De aangifte in OSS wordt in de wettekst/wetsvoorstel een btw melding genoemd.
Geringe omzet e-commerce verkopen
Er geldt een uitzondering voor ondernemers die een totale omzet hebben voor afstandsverkopen en digitale diensten in andere landen dan Nederland tezamen die lager is dan € 10.000. De plaats van levering wordt dan het land van vestiging van de leverancier. Voor een Nederlandse leverancier is dan dus Nederlandse btw verschuldigd.

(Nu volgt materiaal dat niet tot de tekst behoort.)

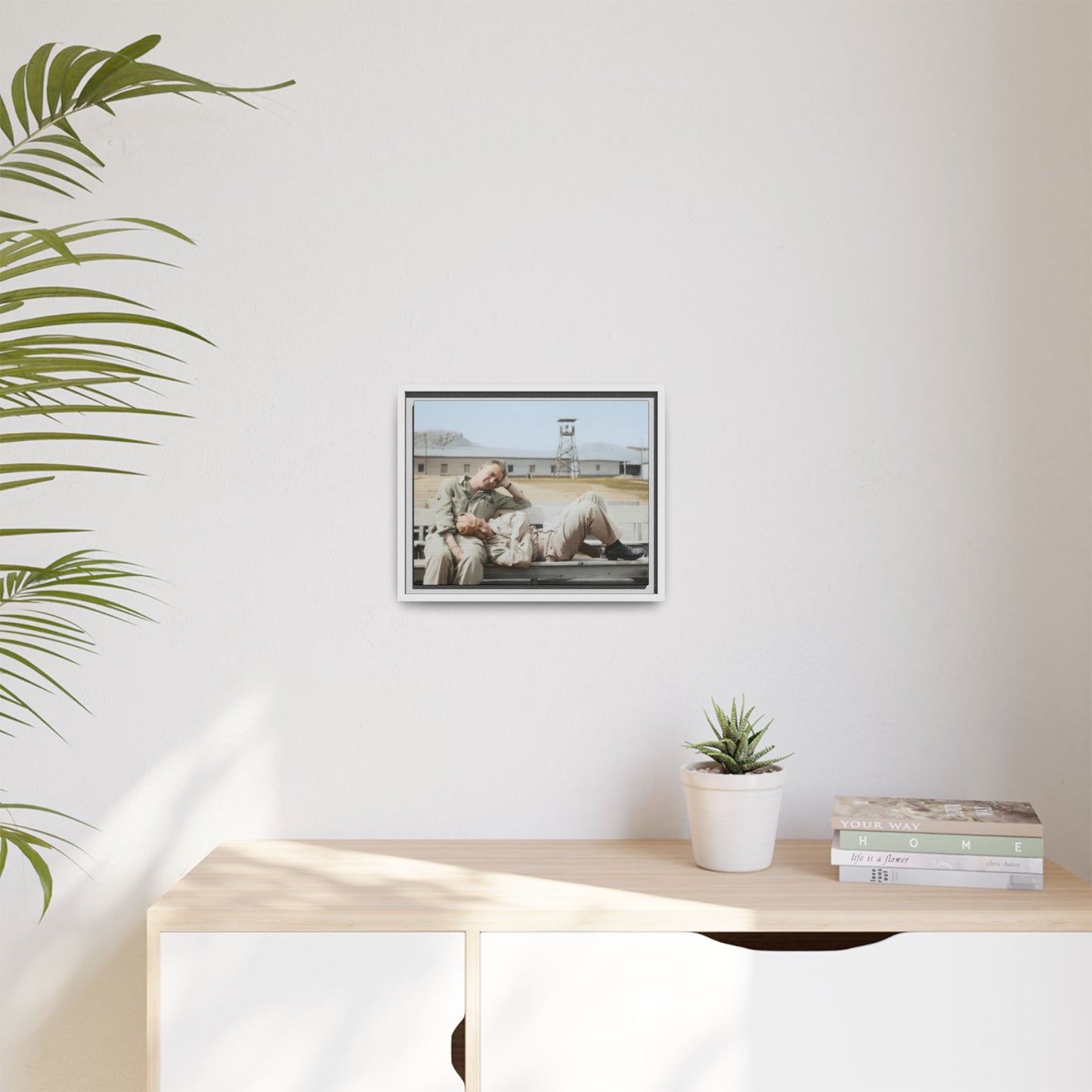 paire 096 | Framed Vintage Photo - Matte Canvas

Echter, deze ondernemers mogen er voor kiezen om onder een omzet van € 10.000 btw te voldoen in land van consumptie. Het is een keuze. Als ze er voor kiezen, kunnen ze dus vanaf de eerste Euro btw voldoen van het land van consumptie naar het aldaar geldende tarief.
Deze uitzondering gold ook al vanaf januari 2019 voor verrichters van digitale diensten met een totale jaaromzet aan digitale diensten beneden de € 10.000. Als u dergelijke dienstverrichters als klant heeft, is het raadzaam na te gaan of zij naast de digitale diensten ook afstandsverkopen verrichten. Als het totaal van de afstandsverkopen en digitale diensten omzet hoger is dan € 10.000 mogen ze vanaf 1 juli 2021 niet langer de btw in de Nederlandse aangifte verwerken. En dus moeten ze via OSS aangifte doen dan wel in de betreffende lidstaat registreren en btw voldoen. In beide gevallen is dan het btw-tarief dat geldt voor die goederen of diensten in de lidstaat van bestemming van toepassing.
EU afstandsverkopen voorbeeld nieuwe regeling
In het voorbeeld werkt de regeling zo uit: De Nederlandse leverancier verkoopt via internet goederen aan uitsluitend Belgische consumenten. Wanneer hij jaarlijks beneden de drempel van € 10.000 aan verkopen aan Belgische consumenten blijft is hij Nederlandse btw verschuldigd. De ondernemer kan er voor kiezen om de leveringen vanaf de eerste Euro belast te laten zijn met Belgische btw (plaats van levering België).
Verkoopt de leverancier voor meer dan € 10.000 aan Belgische consumenten, dan is hij Belgische btw verschuldigd naar het Belgische btw-tarief voor die goederen. Ook als hij voor € 7000 verkopen heeft aan Belgische consumenten en voor € 4000 aan Duitse consumenten, heeft hij de omzetdrempel overschreden. Hij is dan Belgische btw verschuldigd naar het tarief in België over de € 7000 omzet en Duitse btw voor de € 4000 aan leveringen aan Duitse consumenten Duitsland naar het Duitse tarief. Hij kan dan aangifte doen via de OSS en hoeft zich niet in België en/of Duitsland te registeren. Let op!: hij kan er ook voor kiezen zich in België en Duitsland te registeren. Het voordeel daarvan is dat hij via die registratie ook de voorbelasting (voor zover hij dat heeft) kan terugvragen.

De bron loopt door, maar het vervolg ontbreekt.